UKIP leader Nigel Farage yesterday insisted he will play a key role in the campaign against Scottish independence.

We revealed last week that the pro-union Better Together campaign refused to work with UKIP to persuade Scots to vote against independence.

But Farage – fresh from the anti-EU party’s best ever results in the English council elections – has dismissed their snub and will visit Scotland this week to canvas business leaders.

He also vowed to challenge Alex Salmond over his position that an independent Scotland should join the EU.

UKIP were dismissed by David Cameron in 2006 as “fruitcakes, loonies and closet racists” and branded “a collection of clowns” by veteran Tory Ken Clarke last month.

But they had the last laugh when they won 147 seats across local authorities in England and Wales with 25 per cent of the vote in seats contested.

Farage said: “We will campaign in the referendum, as we will in the Scottish Parliament by-election in Aberdeen and the European Parliament elections.

“The debate on Scottish independence has been entirely false. Alex Salmond has never been properly challenged on how can Scotland be independent and be a member of the EU.

“I think the SNP’s case is holed below the water line.”

He said the SNP’s policy was inconsistent. Farage said: “The SNP are happy to substitute one form of government for an ever bigger and more remote form of government, over which they will have very little influence.

“If that happens, you may as well bulldoze the Scottish Parliament and let Herman Van Rompuy, the president of the European Council, run the place.

“You cannot be a democratic, self-governing nation and a member of the EU. You have to choose.

“That is why I think this referendum is the wrong way round.

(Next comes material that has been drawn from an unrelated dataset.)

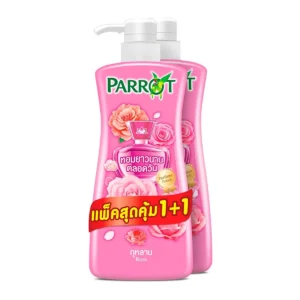 personal-care-0341 แพรอท ครีมอาบน้ํา กลิ่นกุหลาบ 450 มล. x 1+1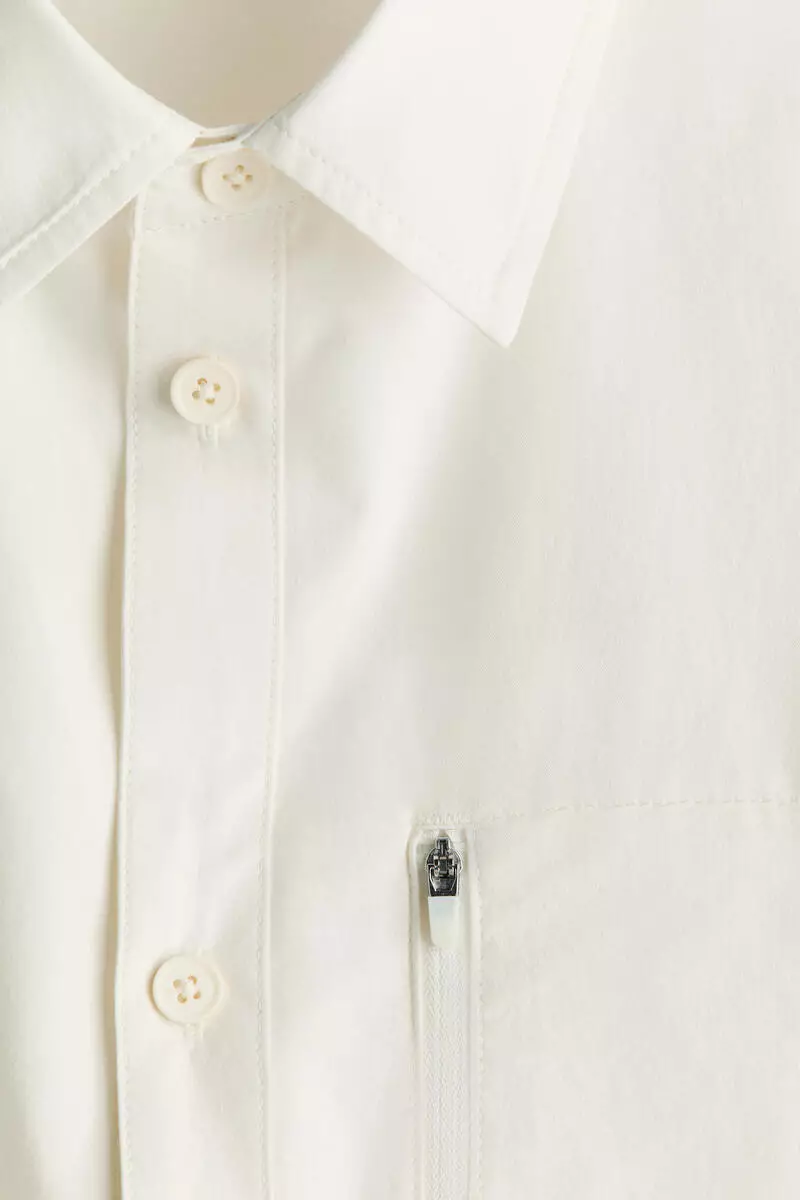 Loose Fit Printed cotton shirt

Before we sort out what our constitutional arrangements in the UK are going to be, we should first sort out whether the UK is independent or not.”

Farage said he was confident of UKIP winning seats at the Scottish Parliament election in 2016. He said: “I think the SNP’s position is being dismantled and the European debate is coming to be seen as relevant and pertinent to Scotland.

“On issues such as Scotland’s fishing fleet being closed down and its uplands being vandalised by wind energy just so some rich aristocratic landlords make even more money, UKIP is right and the establishment is wrong.”

An SNP spokesman said: “As UKIP drag Westminster politics further and further to the right – and far away from Scotland’s values – these ridiculous remarks from Nigel Farage underline exactly why Scotland needs to vote Yes and be an independent country.

“Mr Farage and his colleagues are an embarrassment to the rest of the No campaign. They are also a useful reminder to Scots of the dangers of a No vote in the independence referendum, which could see Scotland dragged to the exit door of the EU against our will.”

A Better Together spokesman said: “Only three parties are part of the official campaign and we’ve no plans to change that.”